Un tercer personaje teje su destino al de Shimamura y Komako o habría
que decir un cuarto personaje, ya que el país de nieve no
sólo es trasfondo y ambientación sino que cumple un rol protagónico
en la novela, pero decir tercero es decir triángulo, y ése es
el rol que cumple la misteriosa Yoko. Y que cumple por partida doble, ya que
dos veces en su vida amará al mismo hombre que Komako, y su enigmática
intensidad contribuirá a que la novela alcance su punto máximo
de tensión.
Con el tiempo, lo japonés (todo aquello que es, para Occidente, sinónimo
de la tradición milenaria nipona: desde la ceremonia del té hasta
los haikus y tankas, desde los arreglos florales hasta la caligrafía,
desde los jardines zen hasta el go) irá apareciendo sucesivamente en
los libros de Kawabata: como tema, como fondo y también como estética.
País de nieve fue el momento bisagra, el primer fruto de ese nuevo vínculo
del ex neosensualista con la literatura y con lo japonés, su primer libro
de madurez, según sus propias palabras. ¿Pero cuánto
hay del propio Kawabata en Shimamura? La aséptica, seca vecindad con
el personaje que nos impone el autor a lo largo de toda la novela habla de un
conocimiento más que considerable de esa clase de temperamento. Pero,
si en algún momento de la escritura de esta novela su autor se vio a
sí mismo como un Shimamura, logró redefinir exitosamente el signo
de esa distancia: a diferencia de la de su personaje, hay una inalterable calidez
en la distancia de Kawabata con la materia narrada. Esa exigua, casi palpitante
distancia se manifiesta tanto con los sentimientos, las acciones y las reflexiones
de sus criaturas, como con lo que flota en el aire entre ellos y su época,
entre ellos y el pasado, entre ellos y la muerte, vecina o lejana.

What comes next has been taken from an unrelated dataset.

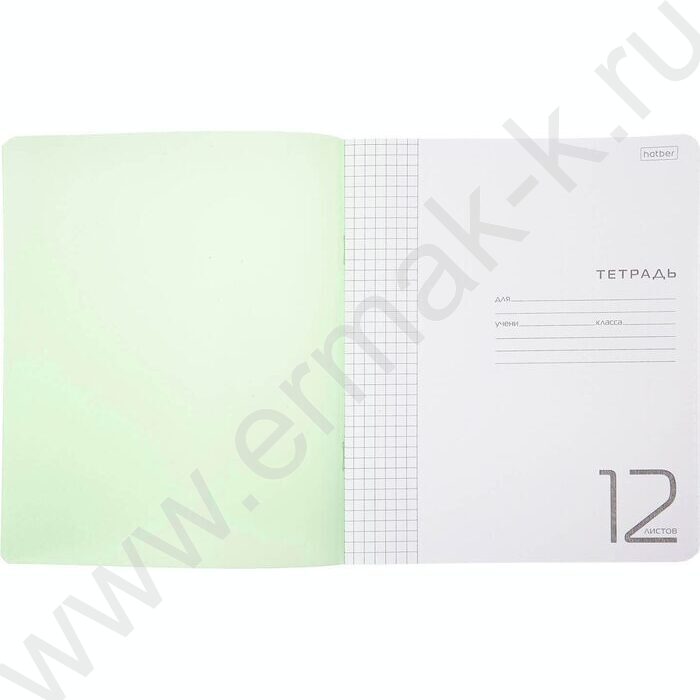 Тетрадь  12л клетка пл.обл."Зеленая" | Фото 4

Quizás esa distancia la hayan empezado a dictar mucho antes las sucesivas
orfandades que marcaron la vida de Kawabata (a los tres años de edad
vio morir a sus padres, luego a su única hermana, luego a su abuela materna
y, antes de cumplir los quince años, al abuelo que se lo había
llevado a vivir con él al campo). Quizá proviniera de un lugar
muy diferente: de la reformulación del tono del Genji Monogatari, la
monumental novela cortesana del siglo XI que Kawabata comenzó a frecuentar
desde los años 30 y que fue el único libro que se llevó
en su prolongado autoexilio en Manchuria, durante la Segunda Guerra Mundial.
Aquellos que hayan leído Lo bello y lo triste (novela póstuma
de Kawabata, vale aclarar) notarán ciertas similitudes no sólo
en esa rarísima distancia-vecindad sino también en el planteo
argumental, en esta primera versión llevado a sus huesos, con laconismo
tan magistral que por momentos parece casi patológico. Teniendo en cuenta
el acorde inicial de Lo bello y lo triste (esa insólita alusión,
en una novela ambientada en Tokio y enKyoto, al sonido de un tren al sumergirse
en un túnel en lo alto de las desoladas montañas occidentales,
tan parecido al que lleva a Shimamura, cuarenta años antes, al encuentro
con Komako y Yoko), puede pensarse que Kawabata se concedió antes de
la muerte revisitar, retorciendo aún más, ese más que tortuoso
triángulo que convirtió a País de nieve en su libro más
celebrado, e incluso más devorado por sus lectores japoneses.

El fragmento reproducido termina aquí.